The Chinery-Hesse report sought to improve the emolument and retirement package for our public officials on a basis that should induce fealty, better performance of duty, acceptance and preservation of dignity within these individuals while in or out of office.

Among the guiding principles for the committee was “What price are we prepared to pay for good governance?”

For the average citizen the consideration ought to be what cost are we prepared to suffer for the lack of the same principles in our public officials, especially those who would refuse “to relinquish power and to adhere to Presidential Term Limits” and good governance: weak, corrupt, ineffectual institutions, civil wars, coup d’états?

Others understand the problem we face, if we don’t. A Ghana News Agency report (January 13, 2011) , citing a statement from Ghana’s Ministry of Finance said; “The European Union agreed to give Ghana 26 million Euros ($34.6 million) to help finance the West African nation’s 2012 national elections. Should we refuse the offer because it is huge; after all it is only one election?
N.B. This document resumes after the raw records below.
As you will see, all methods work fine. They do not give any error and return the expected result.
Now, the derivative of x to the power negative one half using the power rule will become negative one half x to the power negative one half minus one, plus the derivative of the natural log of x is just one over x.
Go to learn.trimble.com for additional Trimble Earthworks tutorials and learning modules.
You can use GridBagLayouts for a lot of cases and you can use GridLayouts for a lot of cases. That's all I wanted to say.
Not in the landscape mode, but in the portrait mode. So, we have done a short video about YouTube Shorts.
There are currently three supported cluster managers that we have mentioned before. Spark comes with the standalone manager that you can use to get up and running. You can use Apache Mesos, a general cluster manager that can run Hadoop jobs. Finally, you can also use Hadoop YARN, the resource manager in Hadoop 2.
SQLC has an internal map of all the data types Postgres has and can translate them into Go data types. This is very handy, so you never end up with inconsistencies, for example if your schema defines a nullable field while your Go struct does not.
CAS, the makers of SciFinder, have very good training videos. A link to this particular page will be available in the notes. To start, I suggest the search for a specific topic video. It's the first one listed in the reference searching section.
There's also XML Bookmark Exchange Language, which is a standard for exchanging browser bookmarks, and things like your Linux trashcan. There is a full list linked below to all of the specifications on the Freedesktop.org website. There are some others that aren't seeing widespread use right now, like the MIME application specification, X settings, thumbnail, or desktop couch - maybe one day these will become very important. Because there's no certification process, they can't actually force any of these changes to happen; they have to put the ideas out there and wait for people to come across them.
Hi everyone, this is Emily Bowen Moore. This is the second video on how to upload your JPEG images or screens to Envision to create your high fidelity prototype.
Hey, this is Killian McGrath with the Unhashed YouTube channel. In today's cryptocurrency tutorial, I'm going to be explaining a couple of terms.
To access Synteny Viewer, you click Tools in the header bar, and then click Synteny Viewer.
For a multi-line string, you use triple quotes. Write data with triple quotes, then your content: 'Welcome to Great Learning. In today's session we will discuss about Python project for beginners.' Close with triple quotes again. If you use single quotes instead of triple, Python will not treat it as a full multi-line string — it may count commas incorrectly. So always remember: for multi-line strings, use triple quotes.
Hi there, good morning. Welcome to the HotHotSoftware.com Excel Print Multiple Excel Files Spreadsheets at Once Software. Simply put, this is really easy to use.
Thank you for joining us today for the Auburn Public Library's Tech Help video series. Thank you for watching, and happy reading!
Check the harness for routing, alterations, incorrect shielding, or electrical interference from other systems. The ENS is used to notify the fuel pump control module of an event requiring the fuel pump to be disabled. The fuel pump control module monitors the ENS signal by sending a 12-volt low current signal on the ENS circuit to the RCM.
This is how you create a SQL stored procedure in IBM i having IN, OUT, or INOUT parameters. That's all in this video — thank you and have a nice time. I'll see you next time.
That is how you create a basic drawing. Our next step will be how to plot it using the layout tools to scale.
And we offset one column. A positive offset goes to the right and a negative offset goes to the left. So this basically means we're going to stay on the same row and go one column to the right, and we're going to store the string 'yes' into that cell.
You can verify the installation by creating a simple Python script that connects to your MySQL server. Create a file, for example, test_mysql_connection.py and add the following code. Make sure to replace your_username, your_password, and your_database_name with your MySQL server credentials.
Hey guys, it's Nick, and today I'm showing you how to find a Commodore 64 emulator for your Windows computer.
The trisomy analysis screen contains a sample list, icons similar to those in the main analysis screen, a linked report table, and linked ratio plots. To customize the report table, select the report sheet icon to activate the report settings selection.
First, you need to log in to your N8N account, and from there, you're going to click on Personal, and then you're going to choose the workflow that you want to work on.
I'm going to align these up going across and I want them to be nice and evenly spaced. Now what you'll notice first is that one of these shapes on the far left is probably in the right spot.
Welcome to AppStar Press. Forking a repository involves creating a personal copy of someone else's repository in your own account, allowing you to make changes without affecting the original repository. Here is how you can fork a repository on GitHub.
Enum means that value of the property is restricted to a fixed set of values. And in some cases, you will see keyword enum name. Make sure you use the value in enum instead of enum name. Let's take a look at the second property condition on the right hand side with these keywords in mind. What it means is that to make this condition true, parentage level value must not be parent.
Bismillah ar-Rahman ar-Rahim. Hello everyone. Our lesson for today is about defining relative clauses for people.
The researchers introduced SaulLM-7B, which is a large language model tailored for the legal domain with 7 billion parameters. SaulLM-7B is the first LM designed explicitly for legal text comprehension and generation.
A commentator who read the full Chinery-Hesse report said: “This is a report for all time, well reasoned and with full justification for all the recommendations.”

The Chinery-Hesse committee said its report represented “a bold attempt to shift from the current regime of Emolument Packages ….that ultimately negatively impact on Retirement Benefits.”

Time will tell whether the Chinery-Hesse report deserved the abrasive rancor it received. But more telling will be if the new committee, set up by President Mills, would frame any of its reasoning on the reports’ assumptions and conclusions.

Meanwhile, the constitutional issue raised by Mr. Asamoah, with regard to the ongoing payments of public official salaries, deserves to be resolved. Parliament has a historic obligation to make a stand and to define what exactly the case is.